# [Action item]
Aside from the pictures, copy the listing exactly.

■ ■ ■ ■ ■

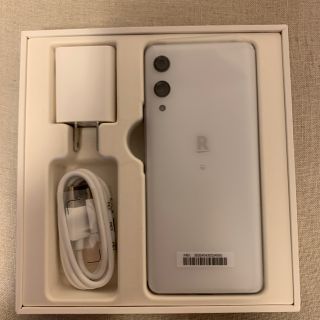 ラクテン(Rakuten)の新品未開封 楽天Hand 本体 ホワイト 楽天モバイル WHITE ケース付(スマートフォン本体)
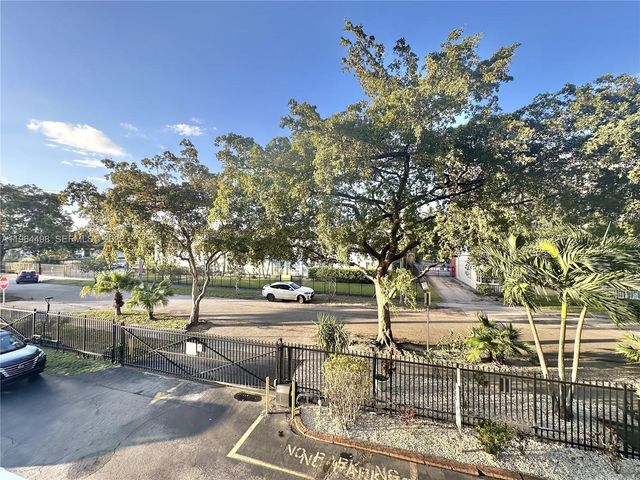 1470 NE 125th Terrace 210, North Miami, FL 33161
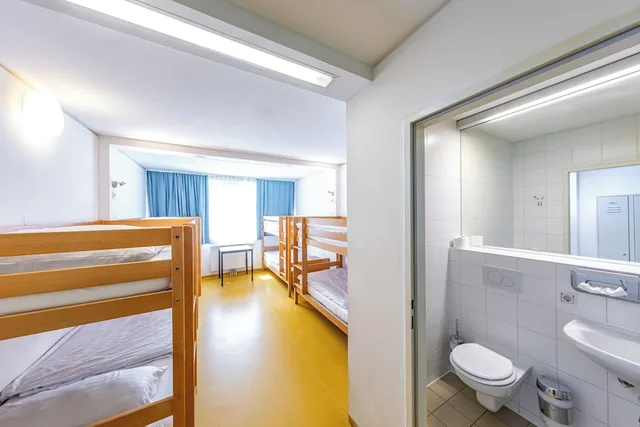 سكن مشترك مختلط بثمانية أسرّة، A T Holiday Hostel Wien 3/4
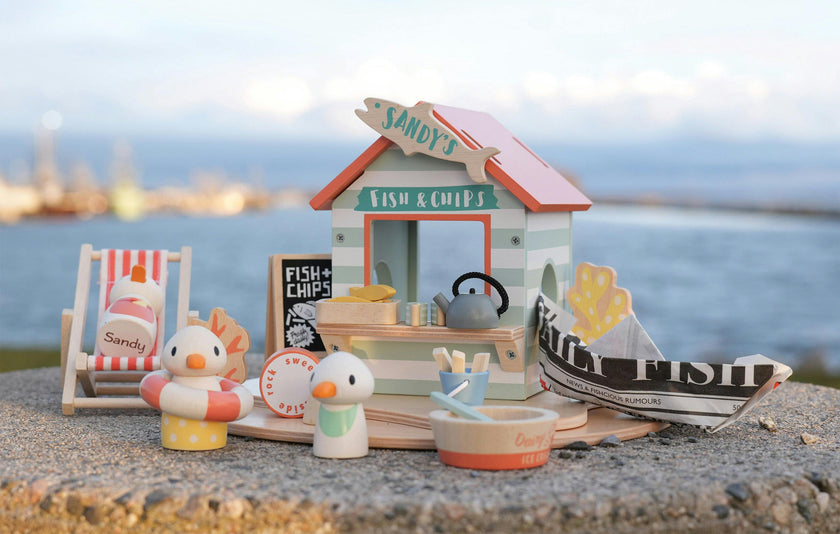 Sandy’s Beach Hut
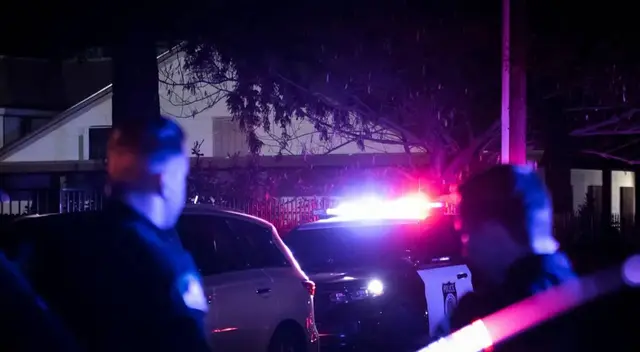 Los posibles culpables están detenidos por manejar un vehículo reportado como robado. Los posibles culpables están detenidos por manejar un vehículo reportado como robado.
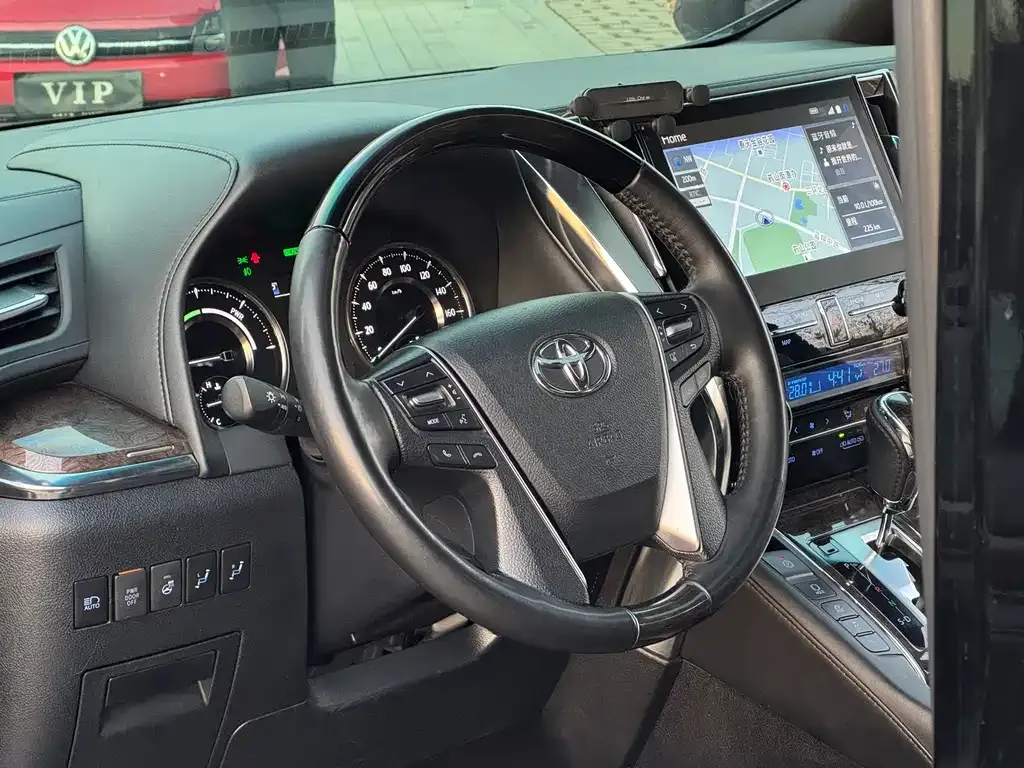 Toyota Vellfire — фото 6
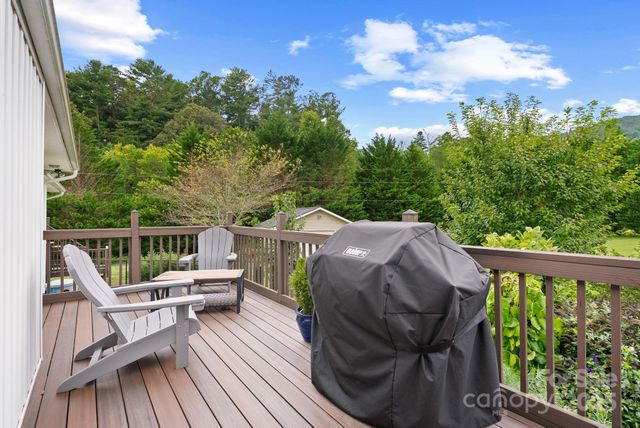 6 Sayles Town Road, Fairview, NC 28730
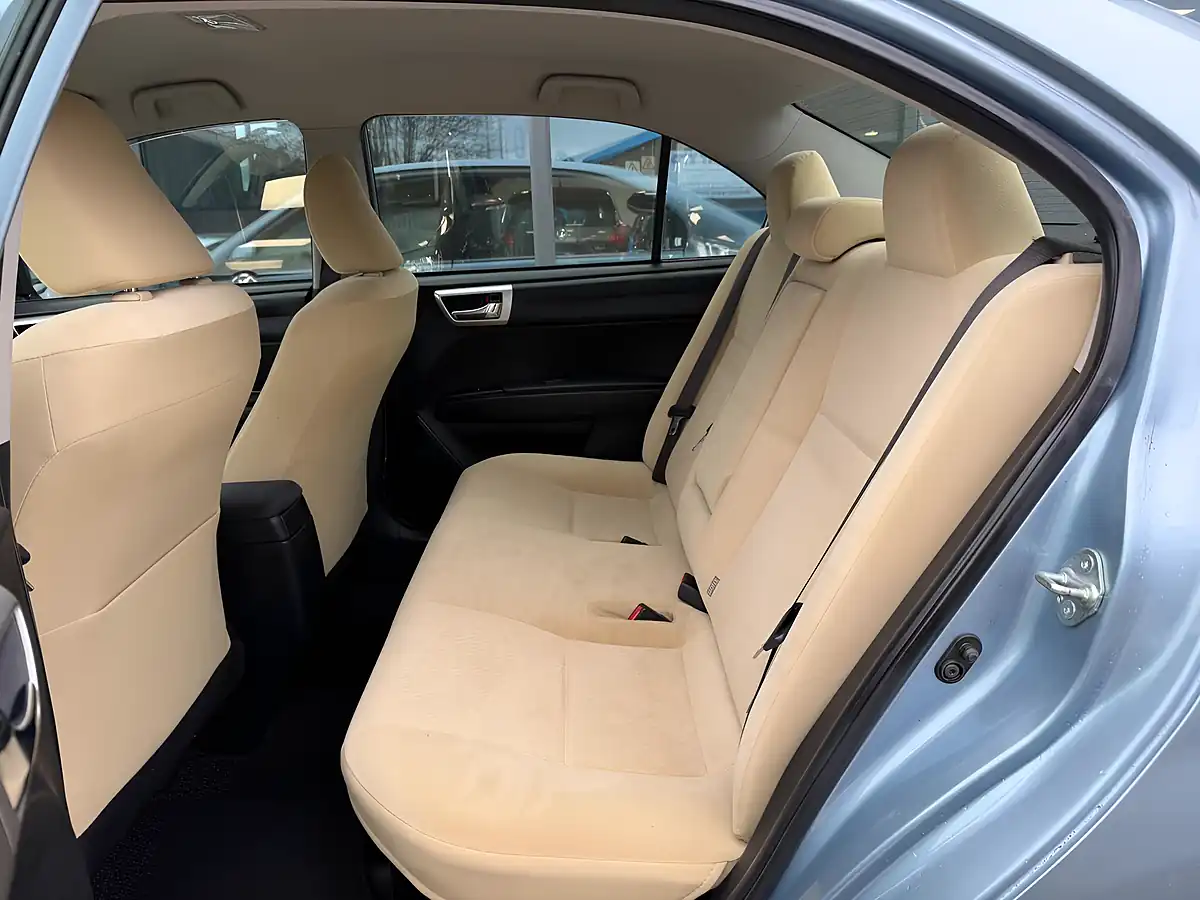 Used 2015 Toyota Corolla Axio Hybrid Blue - Interior and Exterior details 18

■ ■ ■ ■ ■

# [Response to the exercise]
 ラクテン(Rakuten)の新品未開封 楽天Hand 本体 ホワイト 楽天モバイル WHITE ケース付(スマートフォン本体)
 1470 NE 125th Terrace 210, North Miami, FL 33161
 سكن مشترك مختلط بثمانية أسرّة، A T Holiday Hostel Wien 3/4
 Sandy’s Beach Hut
 Los posibles culpables están detenidos por manejar un vehículo reportado como robado. Los posibles culpables están detenidos por manejar un vehículo reportado como robado.
 Toyota Vellfire — фото 6
 6 Sayles Town Road, Fairview, NC 28730
 Used 2015 Toyota Corolla Axio Hybrid Blue - Interior and Exterior details 18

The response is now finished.